Malheureusement le cœur n’a pas la même philosophie que l’esprit et ne s’accommode pas aussi facilement de manquer de bonheur. Aussi, pour ne parler que d’aujourd’hui, je suis plus que triste de ne pas profiter de ce beau temps avec toi. Sans reproche, mon doux adoré, voilà bien longtempsb que tu ne m’as fait sortir car je n’appelle pas sortir la course plus ou moins rapide que je fais tous les soirs pour te reconduire malgré toi jusqu’à ta porte. Est-ce que tu n’as pas quelques regrets de me laisser toujours seule vis-à-vis moi-même, surtout quand le soleil sourit dans le ciel comme aujourd’hui. Je ne veux pas te tourmenter, encore moins te gronder, mon cher petit homme, car je pense que tu seras sorti avec ton petit Toto [6], ce qui est bien naturel. Dans la disposition d’esprit et de cœur où il se trouve, il est nécessaire de lui donner toutes les distractions possibles et celle de sortir avec toi et par ce temps charmant en est une des plus douces et des plus salutaires. Aussi, mon Victor adoré, je ne t’en veux pas. Je fais mieux, je t’approuve et je trouve une tendre consolation dans ma solitude à penser que ton pauvre enfant profite de mon sacrifice. J’espère que mon tour finira par venir, du moins dans l’autre monde.
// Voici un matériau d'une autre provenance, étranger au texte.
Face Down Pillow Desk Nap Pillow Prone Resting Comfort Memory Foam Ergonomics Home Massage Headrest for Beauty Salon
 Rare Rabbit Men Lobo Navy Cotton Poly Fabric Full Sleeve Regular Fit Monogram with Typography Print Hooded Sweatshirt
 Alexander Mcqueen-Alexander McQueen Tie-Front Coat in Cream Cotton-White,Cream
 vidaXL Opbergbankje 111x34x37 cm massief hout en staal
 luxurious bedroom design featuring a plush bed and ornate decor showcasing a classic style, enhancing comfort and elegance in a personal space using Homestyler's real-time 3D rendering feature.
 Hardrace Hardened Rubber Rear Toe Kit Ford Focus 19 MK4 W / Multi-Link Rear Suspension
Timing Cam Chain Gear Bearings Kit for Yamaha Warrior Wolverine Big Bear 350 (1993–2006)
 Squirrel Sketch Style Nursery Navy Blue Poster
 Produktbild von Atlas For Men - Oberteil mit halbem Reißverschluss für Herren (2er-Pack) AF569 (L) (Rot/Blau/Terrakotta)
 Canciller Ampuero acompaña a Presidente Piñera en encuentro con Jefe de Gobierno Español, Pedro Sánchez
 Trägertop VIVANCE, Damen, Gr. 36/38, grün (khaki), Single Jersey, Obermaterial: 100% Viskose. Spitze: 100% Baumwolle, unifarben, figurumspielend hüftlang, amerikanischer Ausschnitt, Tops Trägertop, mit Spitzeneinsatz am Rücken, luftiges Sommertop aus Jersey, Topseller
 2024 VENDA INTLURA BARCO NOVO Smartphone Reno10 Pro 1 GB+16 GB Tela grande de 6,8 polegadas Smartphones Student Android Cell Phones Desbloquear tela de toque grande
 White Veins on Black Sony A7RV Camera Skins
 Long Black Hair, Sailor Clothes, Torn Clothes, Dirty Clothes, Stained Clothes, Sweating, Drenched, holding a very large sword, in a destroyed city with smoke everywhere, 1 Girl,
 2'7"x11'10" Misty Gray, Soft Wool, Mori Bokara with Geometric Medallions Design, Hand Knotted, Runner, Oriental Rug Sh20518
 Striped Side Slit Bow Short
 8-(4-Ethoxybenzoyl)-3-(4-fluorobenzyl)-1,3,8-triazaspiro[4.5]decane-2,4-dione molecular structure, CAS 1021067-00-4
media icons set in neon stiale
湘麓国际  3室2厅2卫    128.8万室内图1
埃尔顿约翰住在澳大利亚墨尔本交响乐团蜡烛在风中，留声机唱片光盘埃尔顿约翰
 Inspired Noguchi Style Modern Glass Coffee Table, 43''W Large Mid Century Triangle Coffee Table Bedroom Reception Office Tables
D’ici là, je t’aime avec plus que de l’amour. Je t’adore dans toute l’acception vénérable, sublime et divine du mot et je baise tes chers petits pieds avec dévotion.

Juliette

BnF, Mss, NAF 16373, f. 29-30
Transcription de Bénédicte Duthion assistée de Florence Naugrette et Gérard Pouchain

a) « on n’est ».
b) « long-temps ».

Notes

[1Adèle Hugo mère (1803-1868).

[2François-Victor Hugo (1828-1873).

[3À identifier.

[4Saint-Hélier : ville principale de l’île de Jersey et port que Victor Hugo, accompagné de son fils Charles et de Juliette, découvre à son arrivée le 5 août 1852. Adèle dans son Journal qualifie la ville de « bien située » et « propre. »

[5Propriétaire de Nelson Hall, autrement dénommé Nelson Cottage, où Juliette emménage le 12 août 1852 : « la maison dont j’habite le premier étage est située au midi ; la vue embrasse depuis la batterie du fort régent à droite jusqu’aux rochers de Saint-Clément à gauche », Gérard Pouchain, Robert Sabourin, Juliette ou la dépaysée, Éd. Fayard, 1992, p. 272. Le loyer s’élève à 8 shillings par semaine. L’alcoolisme et le caractère violent du propriétaire comme de sa femme contraignent Juliette à déménager une seconde fois. Le 7 février 1853 elle s’installe « encore au premier étage, au-dessus d’une auberge, le Green Pigeon, appartenant à un certain Richard Landhatherland qu’elle appellera Inn Richland. » Gérard Pouchain, Robert Sabourin, ibid. p. 274.